-- What to do --
Whatever pictures appear, omit them, and repeat the data below exactly.

-- Dataset excerpt --
-- -- --
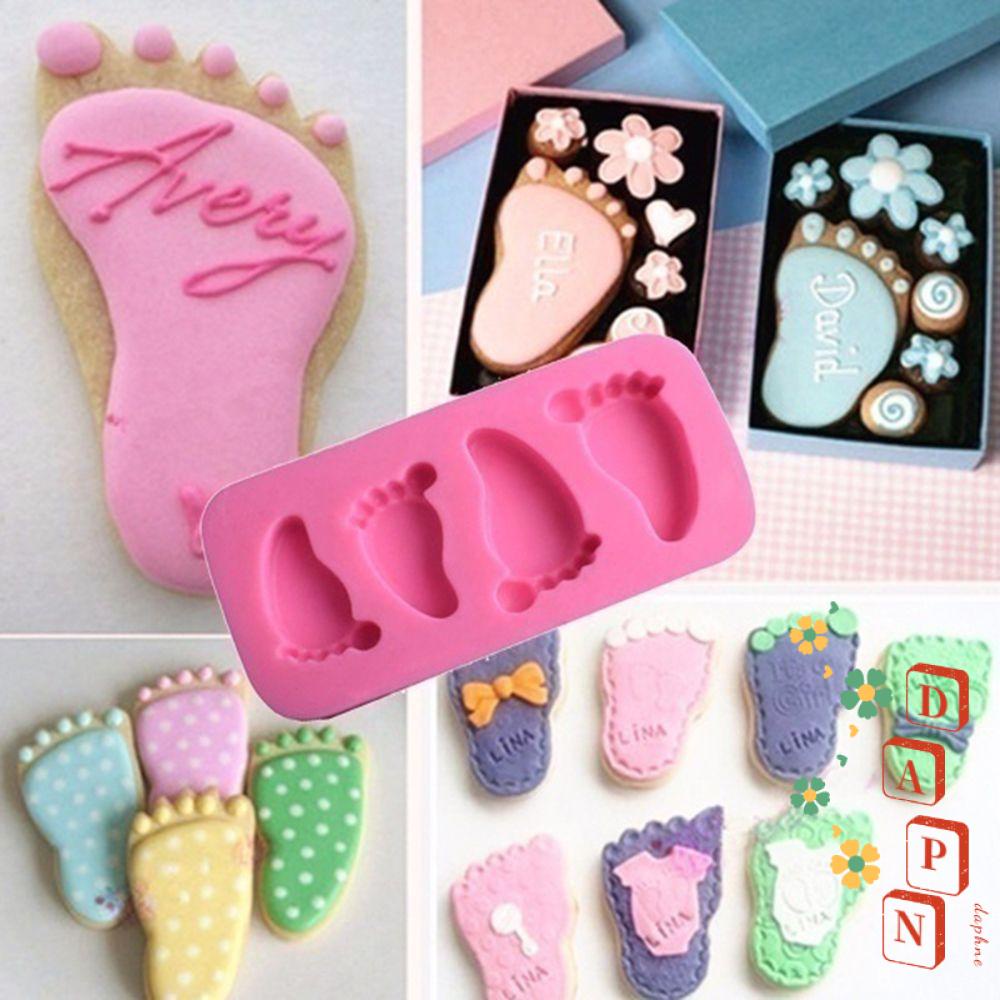 Khuôn Silicone Làm Bánh Hình Bàn Chân Em Bé 3D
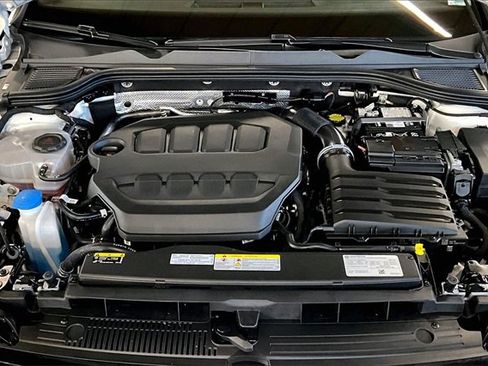 Used 2025 Volkswagen Golf R Black Edition image 30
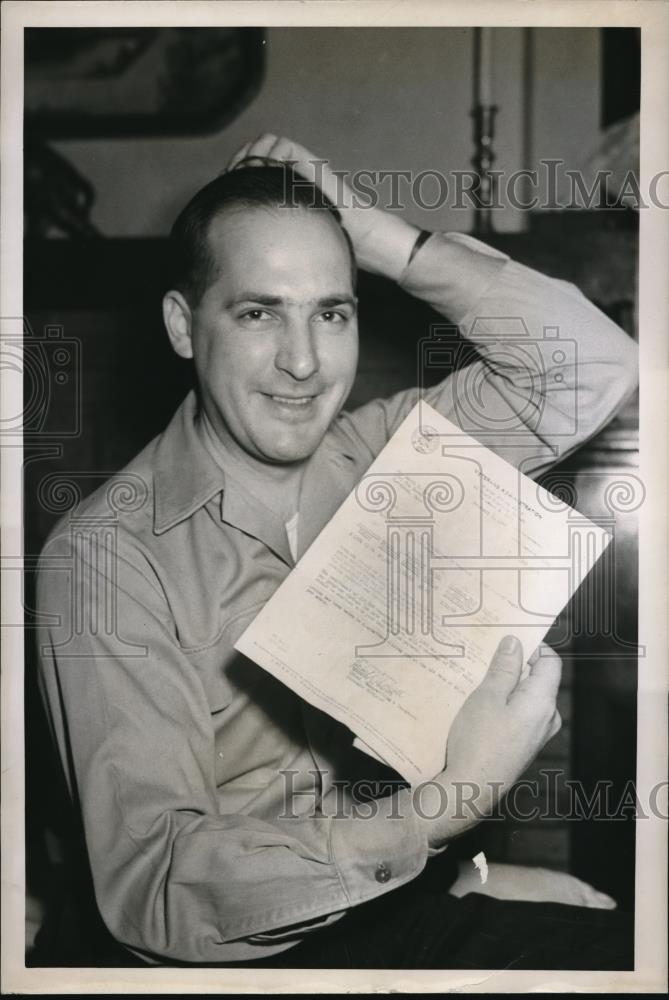 1948 Press Photo Marsh Koester's private notice of inflation from government. - Historic Images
-- -- --
-- Response --
 Khuôn Silicone Làm Bánh Hình Bàn Chân Em Bé 3D
 Used 2025 Volkswagen Golf R Black Edition image 30
 1948 Press Photo Marsh Koester's private notice of inflation from government. - Historic Images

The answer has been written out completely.